_Description of the task:_
Pull out every line in the data that has the string "Bedroom" in it.
======== Data for the task
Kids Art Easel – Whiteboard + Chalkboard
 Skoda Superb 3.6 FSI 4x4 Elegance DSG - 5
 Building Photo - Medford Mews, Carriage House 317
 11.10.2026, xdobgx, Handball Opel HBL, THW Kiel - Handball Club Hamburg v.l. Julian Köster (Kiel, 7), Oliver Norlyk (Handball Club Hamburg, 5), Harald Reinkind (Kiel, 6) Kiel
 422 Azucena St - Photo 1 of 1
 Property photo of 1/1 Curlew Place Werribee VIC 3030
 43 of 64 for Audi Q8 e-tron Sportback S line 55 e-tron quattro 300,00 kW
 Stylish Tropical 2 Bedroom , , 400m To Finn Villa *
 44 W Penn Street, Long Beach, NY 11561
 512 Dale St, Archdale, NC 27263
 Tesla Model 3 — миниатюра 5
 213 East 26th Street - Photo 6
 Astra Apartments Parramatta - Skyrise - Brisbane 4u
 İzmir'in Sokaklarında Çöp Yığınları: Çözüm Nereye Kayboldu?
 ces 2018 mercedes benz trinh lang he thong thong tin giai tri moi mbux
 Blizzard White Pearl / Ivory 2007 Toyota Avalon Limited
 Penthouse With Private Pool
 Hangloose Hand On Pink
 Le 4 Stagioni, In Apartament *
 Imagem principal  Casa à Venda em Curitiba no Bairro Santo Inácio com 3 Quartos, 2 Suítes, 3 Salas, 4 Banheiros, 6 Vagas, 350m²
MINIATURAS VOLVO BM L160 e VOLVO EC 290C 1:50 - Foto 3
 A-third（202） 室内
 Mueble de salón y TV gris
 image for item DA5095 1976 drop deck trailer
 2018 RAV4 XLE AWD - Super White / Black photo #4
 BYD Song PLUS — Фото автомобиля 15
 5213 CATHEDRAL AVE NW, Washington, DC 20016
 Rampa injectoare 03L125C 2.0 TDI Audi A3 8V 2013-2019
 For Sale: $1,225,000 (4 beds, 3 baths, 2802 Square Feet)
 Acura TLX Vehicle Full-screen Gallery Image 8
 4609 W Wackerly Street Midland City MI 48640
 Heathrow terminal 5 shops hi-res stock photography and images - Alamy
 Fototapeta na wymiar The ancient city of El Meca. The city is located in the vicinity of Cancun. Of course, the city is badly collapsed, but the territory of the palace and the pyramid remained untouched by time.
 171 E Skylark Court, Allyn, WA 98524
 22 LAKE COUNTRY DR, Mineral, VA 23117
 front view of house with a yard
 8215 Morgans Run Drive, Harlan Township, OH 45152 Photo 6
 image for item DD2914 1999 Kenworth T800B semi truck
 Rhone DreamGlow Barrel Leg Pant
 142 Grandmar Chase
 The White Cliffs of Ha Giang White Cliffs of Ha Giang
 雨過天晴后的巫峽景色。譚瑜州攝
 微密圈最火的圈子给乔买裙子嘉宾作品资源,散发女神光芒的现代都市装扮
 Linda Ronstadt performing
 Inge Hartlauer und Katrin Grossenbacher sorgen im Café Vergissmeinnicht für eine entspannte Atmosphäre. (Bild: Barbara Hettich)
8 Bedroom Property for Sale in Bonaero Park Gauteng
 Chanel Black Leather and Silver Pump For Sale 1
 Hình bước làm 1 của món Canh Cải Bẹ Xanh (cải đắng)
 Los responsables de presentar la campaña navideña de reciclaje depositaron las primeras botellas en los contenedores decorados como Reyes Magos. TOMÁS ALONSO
================
_Task output:_
 Stylish Tropical 2 Bedroom , , 400m To Finn Villa *
8 Bedroom Property for Sale in Bonaero Park Gauteng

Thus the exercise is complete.